#### Data supplied ####

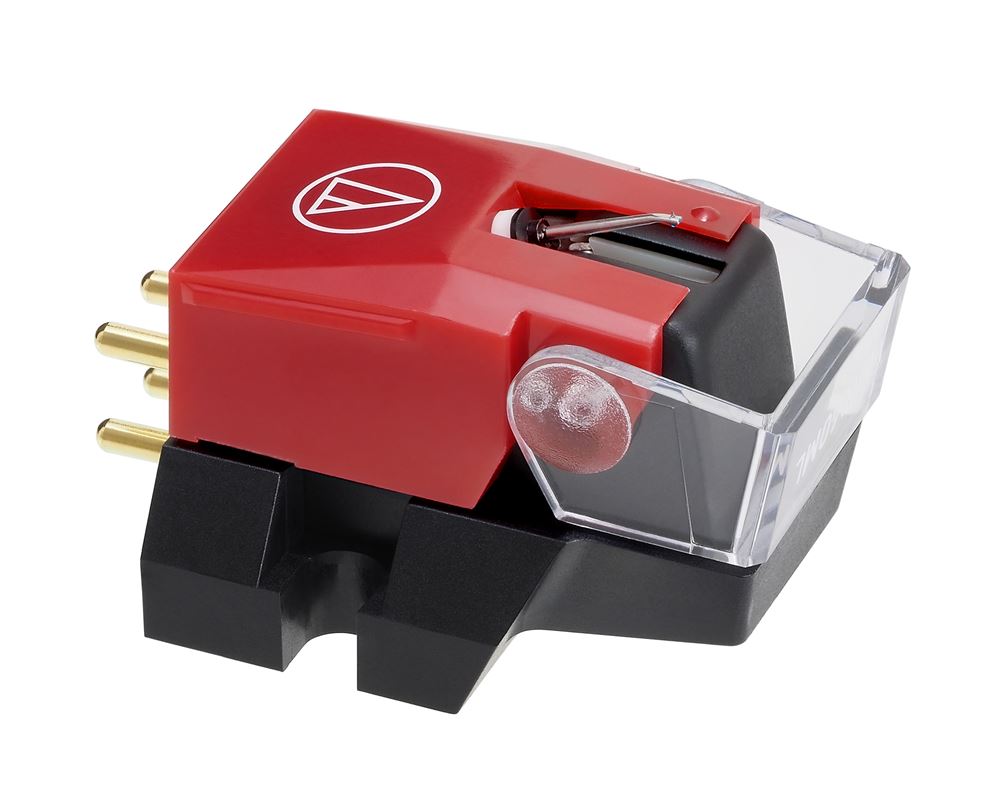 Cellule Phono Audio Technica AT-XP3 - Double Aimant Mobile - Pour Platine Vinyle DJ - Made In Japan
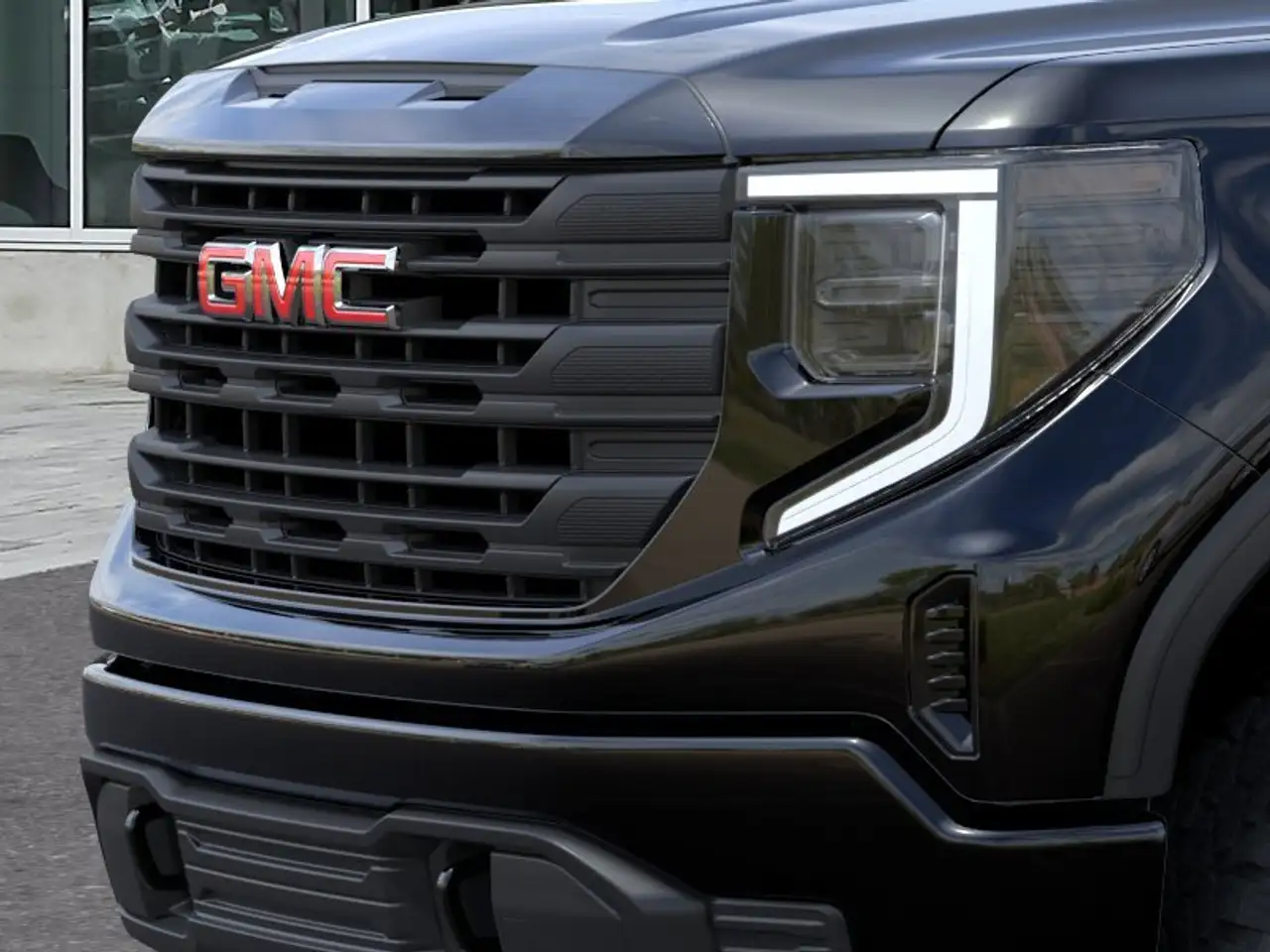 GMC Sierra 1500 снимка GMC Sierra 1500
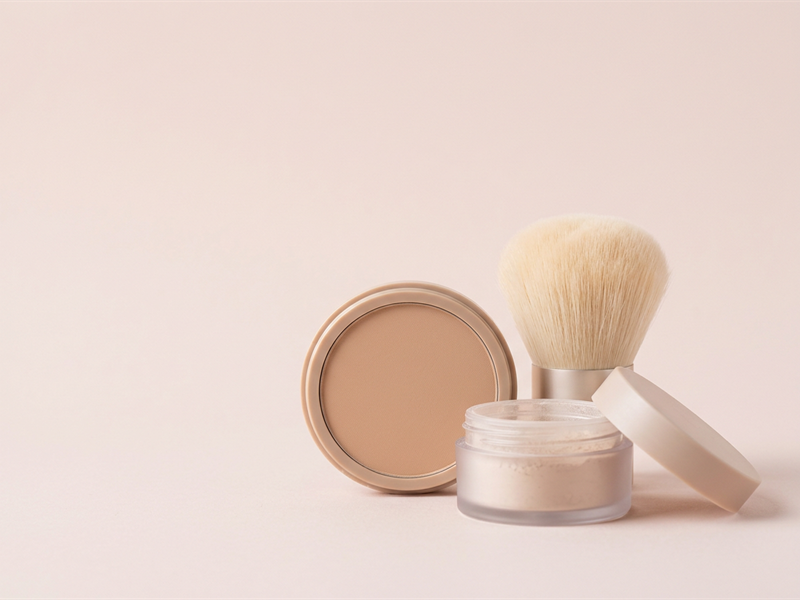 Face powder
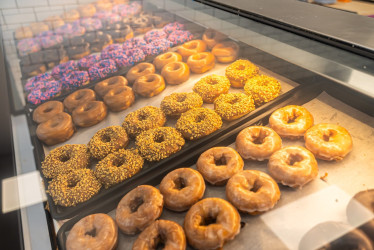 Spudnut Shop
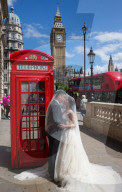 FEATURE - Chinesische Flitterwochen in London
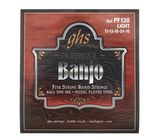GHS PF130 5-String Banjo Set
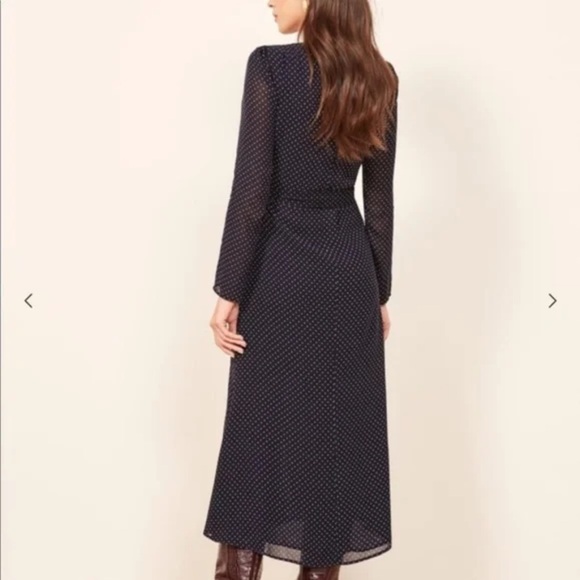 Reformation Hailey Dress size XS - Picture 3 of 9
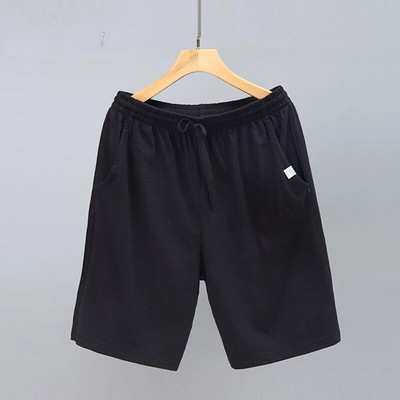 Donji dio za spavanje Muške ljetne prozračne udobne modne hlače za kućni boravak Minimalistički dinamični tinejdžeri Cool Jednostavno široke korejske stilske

####

# What needs to be done
When you copy the entries, keep every word exactly as it stands and drop any pictures.

# Exercise result
 Cellule Phono Audio Technica AT-XP3 - Double Aimant Mobile - Pour Platine Vinyle DJ - Made In Japan
 GMC Sierra 1500 снимка GMC Sierra 1500
 Face powder
 Spudnut Shop
 FEATURE - Chinesische Flitterwochen in London
GHS PF130 5-String Banjo Set
 Reformation Hailey Dress size XS - Picture 3 of 9
 Donji dio za spavanje Muške ljetne prozračne udobne modne hlače za kućni boravak Minimalistički dinamični tinejdžeri Cool Jednostavno široke korejske stilske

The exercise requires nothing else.